Your answer should be the lines from the one containing "Juanita Reina, junto" through the final line below, copied exactly.

Provided data Start Marker

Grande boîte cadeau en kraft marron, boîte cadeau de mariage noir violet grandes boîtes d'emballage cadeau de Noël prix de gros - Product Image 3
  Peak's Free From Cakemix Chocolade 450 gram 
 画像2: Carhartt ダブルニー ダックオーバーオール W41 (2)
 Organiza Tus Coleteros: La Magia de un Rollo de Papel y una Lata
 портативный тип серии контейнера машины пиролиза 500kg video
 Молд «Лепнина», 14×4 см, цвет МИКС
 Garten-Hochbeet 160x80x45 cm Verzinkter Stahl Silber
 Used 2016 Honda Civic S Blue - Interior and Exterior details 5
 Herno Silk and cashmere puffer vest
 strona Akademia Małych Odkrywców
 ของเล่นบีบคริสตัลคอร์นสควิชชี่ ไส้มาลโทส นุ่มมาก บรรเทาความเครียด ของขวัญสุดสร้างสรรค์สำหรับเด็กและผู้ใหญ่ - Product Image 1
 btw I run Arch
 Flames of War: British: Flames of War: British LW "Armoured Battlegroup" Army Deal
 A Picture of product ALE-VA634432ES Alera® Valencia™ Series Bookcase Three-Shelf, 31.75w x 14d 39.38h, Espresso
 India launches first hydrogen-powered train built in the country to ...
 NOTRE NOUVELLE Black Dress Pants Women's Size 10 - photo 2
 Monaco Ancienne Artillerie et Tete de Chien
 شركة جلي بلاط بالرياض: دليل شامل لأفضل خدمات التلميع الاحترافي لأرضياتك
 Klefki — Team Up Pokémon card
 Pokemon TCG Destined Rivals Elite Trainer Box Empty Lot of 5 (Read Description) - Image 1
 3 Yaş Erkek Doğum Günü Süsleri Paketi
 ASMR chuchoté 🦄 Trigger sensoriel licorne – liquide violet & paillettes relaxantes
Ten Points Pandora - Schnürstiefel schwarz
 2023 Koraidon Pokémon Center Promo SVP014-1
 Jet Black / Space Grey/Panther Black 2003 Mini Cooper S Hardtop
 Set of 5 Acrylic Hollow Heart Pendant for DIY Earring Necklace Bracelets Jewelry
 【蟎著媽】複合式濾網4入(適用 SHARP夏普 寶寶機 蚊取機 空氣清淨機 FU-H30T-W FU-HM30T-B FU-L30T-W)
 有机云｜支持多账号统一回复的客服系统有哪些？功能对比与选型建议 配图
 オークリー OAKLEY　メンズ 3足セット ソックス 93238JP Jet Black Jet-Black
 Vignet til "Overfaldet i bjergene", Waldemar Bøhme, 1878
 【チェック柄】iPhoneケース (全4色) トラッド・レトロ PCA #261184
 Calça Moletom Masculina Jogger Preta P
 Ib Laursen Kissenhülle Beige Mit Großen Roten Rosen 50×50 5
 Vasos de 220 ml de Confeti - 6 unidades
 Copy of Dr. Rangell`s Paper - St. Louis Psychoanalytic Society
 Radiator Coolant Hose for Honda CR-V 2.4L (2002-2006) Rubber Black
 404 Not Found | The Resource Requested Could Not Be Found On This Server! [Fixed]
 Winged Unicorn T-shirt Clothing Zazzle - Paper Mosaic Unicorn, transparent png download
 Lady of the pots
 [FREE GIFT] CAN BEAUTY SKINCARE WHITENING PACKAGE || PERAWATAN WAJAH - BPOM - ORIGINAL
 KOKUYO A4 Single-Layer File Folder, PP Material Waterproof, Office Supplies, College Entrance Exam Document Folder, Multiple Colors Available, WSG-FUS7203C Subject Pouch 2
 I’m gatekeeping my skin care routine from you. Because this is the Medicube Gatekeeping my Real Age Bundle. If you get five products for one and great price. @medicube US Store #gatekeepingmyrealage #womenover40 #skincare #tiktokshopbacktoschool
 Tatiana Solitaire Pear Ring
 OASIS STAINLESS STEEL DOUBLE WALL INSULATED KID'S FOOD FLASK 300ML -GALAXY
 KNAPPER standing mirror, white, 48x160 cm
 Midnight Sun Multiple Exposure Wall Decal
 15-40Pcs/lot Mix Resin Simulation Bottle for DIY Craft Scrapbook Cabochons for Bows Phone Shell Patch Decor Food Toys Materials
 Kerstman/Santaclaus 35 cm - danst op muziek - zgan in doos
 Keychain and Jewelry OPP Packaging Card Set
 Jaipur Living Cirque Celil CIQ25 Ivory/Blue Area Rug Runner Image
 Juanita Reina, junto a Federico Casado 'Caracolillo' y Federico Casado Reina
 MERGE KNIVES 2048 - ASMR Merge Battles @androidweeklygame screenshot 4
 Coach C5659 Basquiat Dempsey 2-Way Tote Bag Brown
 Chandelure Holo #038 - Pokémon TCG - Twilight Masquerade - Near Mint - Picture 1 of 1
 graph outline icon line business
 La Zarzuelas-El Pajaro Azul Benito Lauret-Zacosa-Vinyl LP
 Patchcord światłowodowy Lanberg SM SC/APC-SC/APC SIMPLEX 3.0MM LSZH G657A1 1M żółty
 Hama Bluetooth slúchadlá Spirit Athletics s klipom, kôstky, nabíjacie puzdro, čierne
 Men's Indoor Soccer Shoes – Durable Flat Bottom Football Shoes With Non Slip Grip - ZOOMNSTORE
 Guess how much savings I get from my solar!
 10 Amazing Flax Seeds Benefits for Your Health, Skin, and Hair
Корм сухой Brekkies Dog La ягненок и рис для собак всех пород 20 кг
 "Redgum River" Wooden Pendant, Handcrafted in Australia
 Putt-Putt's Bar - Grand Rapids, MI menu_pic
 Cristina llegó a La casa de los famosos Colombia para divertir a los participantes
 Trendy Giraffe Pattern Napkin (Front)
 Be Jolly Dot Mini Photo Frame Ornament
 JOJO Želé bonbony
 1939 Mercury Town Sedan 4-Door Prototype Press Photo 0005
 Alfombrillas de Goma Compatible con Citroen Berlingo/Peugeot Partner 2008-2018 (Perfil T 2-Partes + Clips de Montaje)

Provided data End Marker

■ Exercise response ■
 Juanita Reina, junto a Federico Casado 'Caracolillo' y Federico Casado Reina
 MERGE KNIVES 2048 - ASMR Merge Battles @androidweeklygame screenshot 4
 Coach C5659 Basquiat Dempsey 2-Way Tote Bag Brown
 Chandelure Holo #038 - Pokémon TCG - Twilight Masquerade - Near Mint - Picture 1 of 1
 graph outline icon line business
 La Zarzuelas-El Pajaro Azul Benito Lauret-Zacosa-Vinyl LP
 Patchcord światłowodowy Lanberg SM SC/APC-SC/APC SIMPLEX 3.0MM LSZH G657A1 1M żółty
 Hama Bluetooth slúchadlá Spirit Athletics s klipom, kôstky, nabíjacie puzdro, čierne
 Men's Indoor Soccer Shoes – Durable Flat Bottom Football Shoes With Non Slip Grip - ZOOMNSTORE
 Guess how much savings I get from my solar!
 10 Amazing Flax Seeds Benefits for Your Health, Skin, and Hair
Корм сухой Brekkies Dog La ягненок и рис для собак всех пород 20 кг
 "Redgum River" Wooden Pendant, Handcrafted in Australia
 Putt-Putt's Bar - Grand Rapids, MI menu_pic
 Cristina llegó a La casa de los famosos Colombia para divertir a los participantes
 Trendy Giraffe Pattern Napkin (Front)
 Be Jolly Dot Mini Photo Frame Ornament
 JOJO Želé bonbony
 1939 Mercury Town Sedan 4-Door Prototype Press Photo 0005
 Alfombrillas de Goma Compatible con Citroen Berlingo/Peugeot Partner 2008-2018 (Perfil T 2-Partes + Clips de Montaje)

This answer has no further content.